» Your task: Reproduce all the data verbatim.

*** Begin section ***

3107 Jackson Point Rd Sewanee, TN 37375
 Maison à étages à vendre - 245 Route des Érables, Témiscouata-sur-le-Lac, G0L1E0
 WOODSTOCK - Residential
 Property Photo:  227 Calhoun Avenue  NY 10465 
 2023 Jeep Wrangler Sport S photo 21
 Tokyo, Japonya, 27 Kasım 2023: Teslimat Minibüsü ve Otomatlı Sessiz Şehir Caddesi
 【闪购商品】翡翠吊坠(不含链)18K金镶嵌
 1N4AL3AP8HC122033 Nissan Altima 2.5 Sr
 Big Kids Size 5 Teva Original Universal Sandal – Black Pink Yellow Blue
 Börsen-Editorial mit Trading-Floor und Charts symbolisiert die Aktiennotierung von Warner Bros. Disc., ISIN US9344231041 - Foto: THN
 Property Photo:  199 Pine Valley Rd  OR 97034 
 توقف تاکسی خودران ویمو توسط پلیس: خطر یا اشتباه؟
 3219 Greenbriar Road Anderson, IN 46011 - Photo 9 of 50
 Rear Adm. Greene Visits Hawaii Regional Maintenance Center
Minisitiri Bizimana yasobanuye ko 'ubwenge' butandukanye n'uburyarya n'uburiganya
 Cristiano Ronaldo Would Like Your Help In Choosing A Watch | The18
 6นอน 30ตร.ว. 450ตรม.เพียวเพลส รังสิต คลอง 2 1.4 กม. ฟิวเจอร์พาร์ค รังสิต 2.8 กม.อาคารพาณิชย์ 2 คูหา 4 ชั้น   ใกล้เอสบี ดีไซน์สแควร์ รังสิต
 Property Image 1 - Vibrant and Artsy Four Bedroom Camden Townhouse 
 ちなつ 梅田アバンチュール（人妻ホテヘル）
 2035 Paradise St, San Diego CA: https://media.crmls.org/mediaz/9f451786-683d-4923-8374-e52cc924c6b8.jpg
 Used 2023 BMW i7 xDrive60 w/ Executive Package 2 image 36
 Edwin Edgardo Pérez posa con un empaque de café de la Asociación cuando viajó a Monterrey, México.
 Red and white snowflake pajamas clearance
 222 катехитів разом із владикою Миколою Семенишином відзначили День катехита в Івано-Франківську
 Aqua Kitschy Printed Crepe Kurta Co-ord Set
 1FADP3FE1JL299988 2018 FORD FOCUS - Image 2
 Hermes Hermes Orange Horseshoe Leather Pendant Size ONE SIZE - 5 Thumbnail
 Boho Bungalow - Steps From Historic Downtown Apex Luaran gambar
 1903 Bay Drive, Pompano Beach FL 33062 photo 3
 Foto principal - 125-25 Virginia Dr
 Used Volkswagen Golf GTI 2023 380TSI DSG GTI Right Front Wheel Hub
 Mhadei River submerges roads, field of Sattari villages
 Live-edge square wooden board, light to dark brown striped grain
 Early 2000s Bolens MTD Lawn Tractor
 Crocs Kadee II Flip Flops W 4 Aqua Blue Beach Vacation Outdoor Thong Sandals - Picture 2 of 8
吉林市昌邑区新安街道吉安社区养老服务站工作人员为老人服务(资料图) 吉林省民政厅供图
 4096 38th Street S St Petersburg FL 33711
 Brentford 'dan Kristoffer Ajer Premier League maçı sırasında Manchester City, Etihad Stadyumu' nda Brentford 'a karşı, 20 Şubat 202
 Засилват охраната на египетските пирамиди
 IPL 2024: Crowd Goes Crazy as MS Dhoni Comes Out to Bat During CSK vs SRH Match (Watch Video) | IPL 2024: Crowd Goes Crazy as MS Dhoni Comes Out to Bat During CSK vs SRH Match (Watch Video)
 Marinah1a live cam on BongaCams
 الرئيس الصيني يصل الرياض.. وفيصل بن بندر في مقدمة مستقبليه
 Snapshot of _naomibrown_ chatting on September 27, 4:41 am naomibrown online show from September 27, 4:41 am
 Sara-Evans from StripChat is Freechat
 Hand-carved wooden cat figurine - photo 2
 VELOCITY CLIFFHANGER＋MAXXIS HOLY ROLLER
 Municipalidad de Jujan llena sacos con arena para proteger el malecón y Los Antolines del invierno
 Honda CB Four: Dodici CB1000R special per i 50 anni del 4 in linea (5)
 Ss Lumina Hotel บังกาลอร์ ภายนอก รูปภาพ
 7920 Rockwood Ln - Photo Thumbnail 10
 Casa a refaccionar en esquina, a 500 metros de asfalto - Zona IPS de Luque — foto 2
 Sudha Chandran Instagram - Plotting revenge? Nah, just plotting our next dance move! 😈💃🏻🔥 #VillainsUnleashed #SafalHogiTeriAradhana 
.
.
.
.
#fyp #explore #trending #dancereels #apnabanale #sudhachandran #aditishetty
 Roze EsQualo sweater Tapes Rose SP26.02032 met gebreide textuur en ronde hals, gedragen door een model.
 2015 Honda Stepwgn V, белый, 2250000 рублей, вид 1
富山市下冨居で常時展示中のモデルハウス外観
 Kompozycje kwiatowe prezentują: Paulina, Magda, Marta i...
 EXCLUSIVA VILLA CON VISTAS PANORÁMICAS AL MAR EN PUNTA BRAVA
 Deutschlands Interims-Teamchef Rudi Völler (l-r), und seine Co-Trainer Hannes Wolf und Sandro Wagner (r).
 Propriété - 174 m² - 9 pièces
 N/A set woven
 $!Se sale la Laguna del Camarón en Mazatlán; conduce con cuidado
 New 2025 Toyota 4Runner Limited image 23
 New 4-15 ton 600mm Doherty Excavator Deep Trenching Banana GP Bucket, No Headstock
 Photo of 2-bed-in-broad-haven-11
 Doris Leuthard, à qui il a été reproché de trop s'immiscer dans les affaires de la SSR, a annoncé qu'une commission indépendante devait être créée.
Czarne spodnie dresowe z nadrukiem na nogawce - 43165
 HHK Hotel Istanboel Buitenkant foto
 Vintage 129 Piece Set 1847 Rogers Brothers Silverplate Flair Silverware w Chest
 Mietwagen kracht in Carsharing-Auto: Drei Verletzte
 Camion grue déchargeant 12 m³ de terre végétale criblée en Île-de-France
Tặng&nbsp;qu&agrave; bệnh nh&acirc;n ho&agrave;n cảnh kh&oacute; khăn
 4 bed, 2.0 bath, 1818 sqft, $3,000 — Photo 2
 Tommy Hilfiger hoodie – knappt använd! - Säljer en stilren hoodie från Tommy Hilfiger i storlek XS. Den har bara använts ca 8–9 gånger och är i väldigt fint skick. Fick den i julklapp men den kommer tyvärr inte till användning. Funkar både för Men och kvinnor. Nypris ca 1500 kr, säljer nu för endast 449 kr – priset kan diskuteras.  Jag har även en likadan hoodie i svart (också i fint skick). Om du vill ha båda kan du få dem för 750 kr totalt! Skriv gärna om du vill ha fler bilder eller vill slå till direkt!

*** End section ***

» Exercise response:
3107 Jackson Point Rd Sewanee, TN 37375
 Maison à étages à vendre - 245 Route des Érables, Témiscouata-sur-le-Lac, G0L1E0
 WOODSTOCK - Residential
 Property Photo:  227 Calhoun Avenue  NY 10465 
 2023 Jeep Wrangler Sport S photo 21
 Tokyo, Japonya, 27 Kasım 2023: Teslimat Minibüsü ve Otomatlı Sessiz Şehir Caddesi
 【闪购商品】翡翠吊坠(不含链)18K金镶嵌
 1N4AL3AP8HC122033 Nissan Altima 2.5 Sr
 Big Kids Size 5 Teva Original Universal Sandal – Black Pink Yellow Blue
 Börsen-Editorial mit Trading-Floor und Charts symbolisiert die Aktiennotierung von Warner Bros. Disc., ISIN US9344231041 - Foto: THN
 Property Photo:  199 Pine Valley Rd  OR 97034 
 توقف تاکسی خودران ویمو توسط پلیس: خطر یا اشتباه؟
 3219 Greenbriar Road Anderson, IN 46011 - Photo 9 of 50
 Rear Adm. Greene Visits Hawaii Regional Maintenance Center
Minisitiri Bizimana yasobanuye ko 'ubwenge' butandukanye n'uburyarya n'uburiganya
 Cristiano Ronaldo Would Like Your Help In Choosing A Watch | The18
 6นอน 30ตร.ว. 450ตรม.เพียวเพลส รังสิต คลอง 2 1.4 กม. ฟิวเจอร์พาร์ค รังสิต 2.8 กม.อาคารพาณิชย์ 2 คูหา 4 ชั้น   ใกล้เอสบี ดีไซน์สแควร์ รังสิต
 Property Image 1 - Vibrant and Artsy Four Bedroom Camden Townhouse 
 ちなつ 梅田アバンチュール（人妻ホテヘル）
 2035 Paradise St, San Diego CA: https://media.crmls.org/mediaz/9f451786-683d-4923-8374-e52cc924c6b8.jpg
 Used 2023 BMW i7 xDrive60 w/ Executive Package 2 image 36
 Edwin Edgardo Pérez posa con un empaque de café de la Asociación cuando viajó a Monterrey, México.
 Red and white snowflake pajamas clearance
 222 катехитів разом із владикою Миколою Семенишином відзначили День катехита в Івано-Франківську
 Aqua Kitschy Printed Crepe Kurta Co-ord Set
 1FADP3FE1JL299988 2018 FORD FOCUS - Image 2
 Hermes Hermes Orange Horseshoe Leather Pendant Size ONE SIZE - 5 Thumbnail
 Boho Bungalow - Steps From Historic Downtown Apex Luaran gambar
 1903 Bay Drive, Pompano Beach FL 33062 photo 3
 Foto principal - 125-25 Virginia Dr
 Used Volkswagen Golf GTI 2023 380TSI DSG GTI Right Front Wheel Hub
 Mhadei River submerges roads, field of Sattari villages
 Live-edge square wooden board, light to dark brown striped grain
 Early 2000s Bolens MTD Lawn Tractor
 Crocs Kadee II Flip Flops W 4 Aqua Blue Beach Vacation Outdoor Thong Sandals - Picture 2 of 8
吉林市昌邑区新安街道吉安社区养老服务站工作人员为老人服务(资料图) 吉林省民政厅供图
 4096 38th Street S St Petersburg FL 33711
 Brentford 'dan Kristoffer Ajer Premier League maçı sırasında Manchester City, Etihad Stadyumu' nda Brentford 'a karşı, 20 Şubat 202
 Засилват охраната на египетските пирамиди
 IPL 2024: Crowd Goes Crazy as MS Dhoni Comes Out to Bat During CSK vs SRH Match (Watch Video) | IPL 2024: Crowd Goes Crazy as MS Dhoni Comes Out to Bat During CSK vs SRH Match (Watch Video)
 Marinah1a live cam on BongaCams
 الرئيس الصيني يصل الرياض.. وفيصل بن بندر في مقدمة مستقبليه
 Snapshot of _naomibrown_ chatting on September 27, 4:41 am naomibrown online show from September 27, 4:41 am
 Sara-Evans from StripChat is Freechat
 Hand-carved wooden cat figurine - photo 2
 VELOCITY CLIFFHANGER＋MAXXIS HOLY ROLLER
 Municipalidad de Jujan llena sacos con arena para proteger el malecón y Los Antolines del invierno
 Honda CB Four: Dodici CB1000R special per i 50 anni del 4 in linea (5)
 Ss Lumina Hotel บังกาลอร์ ภายนอก รูปภาพ
 7920 Rockwood Ln - Photo Thumbnail 10
 Casa a refaccionar en esquina, a 500 metros de asfalto - Zona IPS de Luque — foto 2
 Sudha Chandran Instagram - Plotting revenge? Nah, just plotting our next dance move! 😈💃🏻🔥 #VillainsUnleashed #SafalHogiTeriAradhana 
.
.
.
.
#fyp #explore #trending #dancereels #apnabanale #sudhachandran #aditishetty
 Roze EsQualo sweater Tapes Rose SP26.02032 met gebreide textuur en ronde hals, gedragen door een model.
 2015 Honda Stepwgn V, белый, 2250000 рублей, вид 1
富山市下冨居で常時展示中のモデルハウス外観
 Kompozycje kwiatowe prezentują: Paulina, Magda, Marta i...
 EXCLUSIVA VILLA CON VISTAS PANORÁMICAS AL MAR EN PUNTA BRAVA
 Deutschlands Interims-Teamchef Rudi Völler (l-r), und seine Co-Trainer Hannes Wolf und Sandro Wagner (r).
 Propriété - 174 m² - 9 pièces
 N/A set woven
 $!Se sale la Laguna del Camarón en Mazatlán; conduce con cuidado
 New 2025 Toyota 4Runner Limited image 23
 New 4-15 ton 600mm Doherty Excavator Deep Trenching Banana GP Bucket, No Headstock
 Photo of 2-bed-in-broad-haven-11
 Doris Leuthard, à qui il a été reproché de trop s'immiscer dans les affaires de la SSR, a annoncé qu'une commission indépendante devait être créée.
Czarne spodnie dresowe z nadrukiem na nogawce - 43165
 HHK Hotel Istanboel Buitenkant foto
 Vintage 129 Piece Set 1847 Rogers Brothers Silverplate Flair Silverware w Chest
 Mietwagen kracht in Carsharing-Auto: Drei Verletzte
 Camion grue déchargeant 12 m³ de terre végétale criblée en Île-de-France
Tặng&nbsp;qu&agrave; bệnh nh&acirc;n ho&agrave;n cảnh kh&oacute; khăn
 4 bed, 2.0 bath, 1818 sqft, $3,000 — Photo 2
 Tommy Hilfiger hoodie – knappt använd! - Säljer en stilren hoodie från Tommy Hilfiger i storlek XS. Den har bara använts ca 8–9 gånger och är i väldigt fint skick. Fick den i julklapp men den kommer tyvärr inte till användning. Funkar både för Men och kvinnor. Nypris ca 1500 kr, säljer nu för endast 449 kr – priset kan diskuteras.  Jag har även en likadan hoodie i svart (också i fint skick). Om du vill ha båda kan du få dem för 750 kr totalt! Skriv gärna om du vill ha fler bilder eller vill slå till direkt!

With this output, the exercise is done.